Pantheon: Rise of the Fallen, the fantasy MMO RPG from EverQuest designer Brad McQuaid, is seeking development funding through Patreon.
Visionary Realms, which is made up of 20 volunteer members, is hoping to raise $1,000 per video showcasing their progress over a month of development. McQuaid said that Patreon prefers that creators have smaller goals than typical game development milestones like alpha and beta, so he chose to tie the pledges to the monthly videos for now.
The developer has already published two videos with footage of the pre-alpha version of the game, which are available on its YouTube page.

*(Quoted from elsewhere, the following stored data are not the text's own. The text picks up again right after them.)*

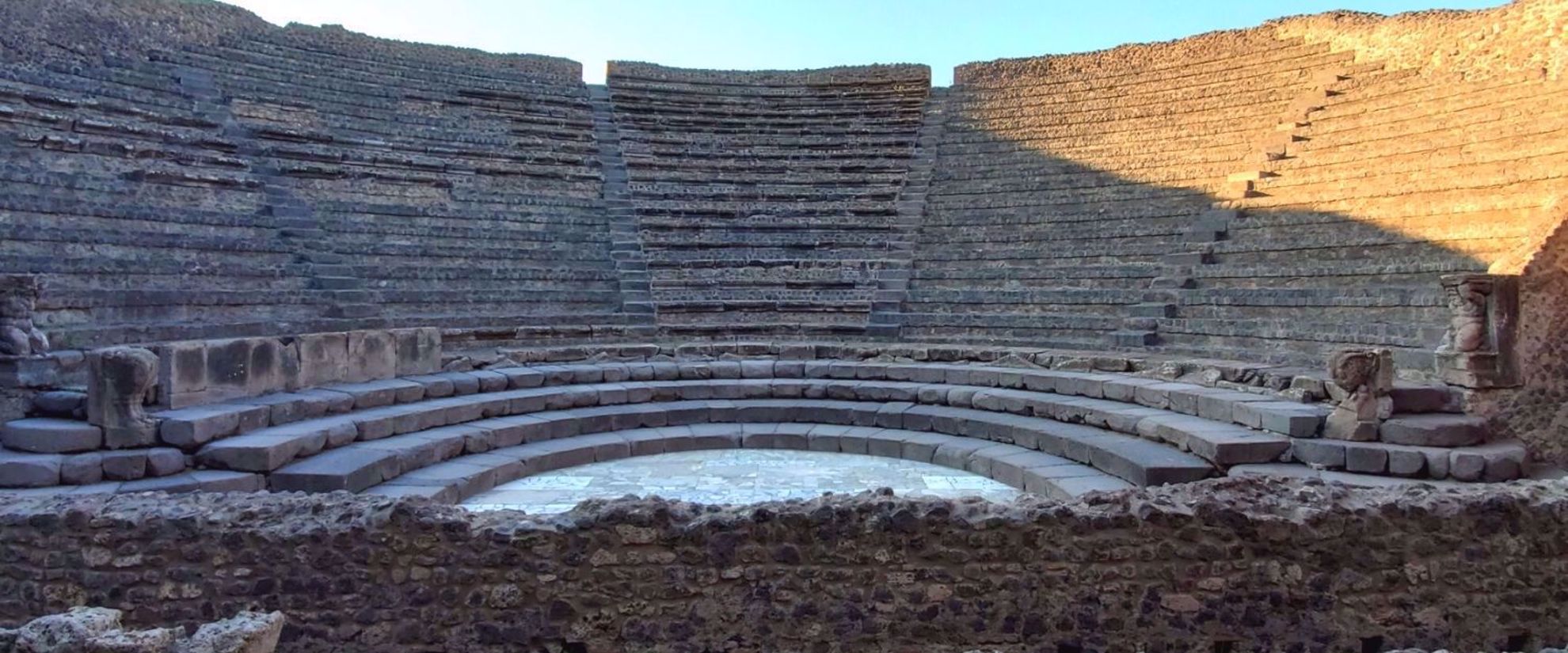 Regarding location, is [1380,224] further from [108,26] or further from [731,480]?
[108,26]

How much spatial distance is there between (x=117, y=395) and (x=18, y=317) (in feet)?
4.37

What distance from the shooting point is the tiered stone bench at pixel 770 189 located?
37.1 ft

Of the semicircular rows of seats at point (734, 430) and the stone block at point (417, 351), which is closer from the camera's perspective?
the semicircular rows of seats at point (734, 430)

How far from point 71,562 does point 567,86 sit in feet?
46.8

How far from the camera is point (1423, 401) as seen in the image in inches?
228

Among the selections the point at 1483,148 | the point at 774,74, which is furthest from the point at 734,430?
the point at 774,74

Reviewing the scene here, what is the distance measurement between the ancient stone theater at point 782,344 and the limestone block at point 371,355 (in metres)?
0.04

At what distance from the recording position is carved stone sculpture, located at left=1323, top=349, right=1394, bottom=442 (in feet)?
18.2

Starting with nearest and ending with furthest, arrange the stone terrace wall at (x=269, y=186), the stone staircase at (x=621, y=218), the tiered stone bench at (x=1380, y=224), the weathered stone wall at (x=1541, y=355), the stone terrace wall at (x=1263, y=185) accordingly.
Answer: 1. the weathered stone wall at (x=1541, y=355)
2. the tiered stone bench at (x=1380, y=224)
3. the stone terrace wall at (x=1263, y=185)
4. the stone terrace wall at (x=269, y=186)
5. the stone staircase at (x=621, y=218)

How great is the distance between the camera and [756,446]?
25.4 ft

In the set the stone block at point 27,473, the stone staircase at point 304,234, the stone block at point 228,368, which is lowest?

McQuaid, who is chief creative officer on the project, told us that the November video will happen regardless of the Patreon funds, but that “it sure would help the volunteers who are working so hard and have been working so hard on this project if we were able to bring in that money.”
After Pantheon failed to raise $800,000 on Kickstarter in February, the developer started accepting pledges through its website, where it has raised about $160,000 to date, according to McQuaid.
McQuaid said the plan is to have the game finished by 2017, but notes that it’s a “conservative guesstimate.”
“We have been making crazy good progress in the last couple of months, so it may be sooner, but I’d rather be conservative at this point,” he said.
First and second quarter 2015 are important for Pantheon, McQuaid said. In the first quarter, he needs to hire “quite a few” world builders and artists. In the second quarter, the game is expected to be in alpha. The developer will need funding, either from crowdfunding or investors, by then, he said, or else it will slow development down.
“Right now funding would certainly be helpful and make our volunteers a lot more financially comfortable, but we can proceed at the pace we are at right now until at least first or second quarter 2015,” McQuaid said. “On the other hand, the farther we can take the game pre-funding, the less of the company we will have to sell in preferred stock and the more creative control we would probably be able to retain.”
At the time of this writing, Patreon, which McQcuaid told us he hopes will be a long-term solution, is earning the team $17 per video. Not nearly enough yet to fund a game in a massive genre known for development costs of $150 million or more.